- Exercise details
Look below for the lines from the one with "१८ वर्षमुनिका सदस्यसम्बन्धी" to the one with "区块链是什么？让我们简单聊聊这个神奇的技术！", and copy exactly those lines, both ends included.

START Exercise inputs

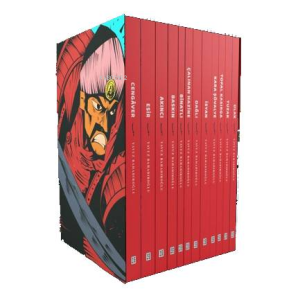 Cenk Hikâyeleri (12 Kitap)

END Exercise inputs
START Exercise inputs

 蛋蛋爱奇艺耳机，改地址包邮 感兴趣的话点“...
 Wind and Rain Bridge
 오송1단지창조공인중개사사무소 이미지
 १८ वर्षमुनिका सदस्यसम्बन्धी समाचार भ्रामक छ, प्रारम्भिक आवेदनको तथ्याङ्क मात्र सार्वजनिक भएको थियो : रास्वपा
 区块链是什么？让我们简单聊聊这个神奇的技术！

END Exercise inputs

- Task result
 १८ वर्षमुनिका सदस्यसम्बन्धी समाचार भ्रामक छ, प्रारम्भिक आवेदनको तथ्याङ्क मात्र सार्वजनिक भएको थियो : रास्वपा
 区块链是什么？让我们简单聊聊这个神奇的技术！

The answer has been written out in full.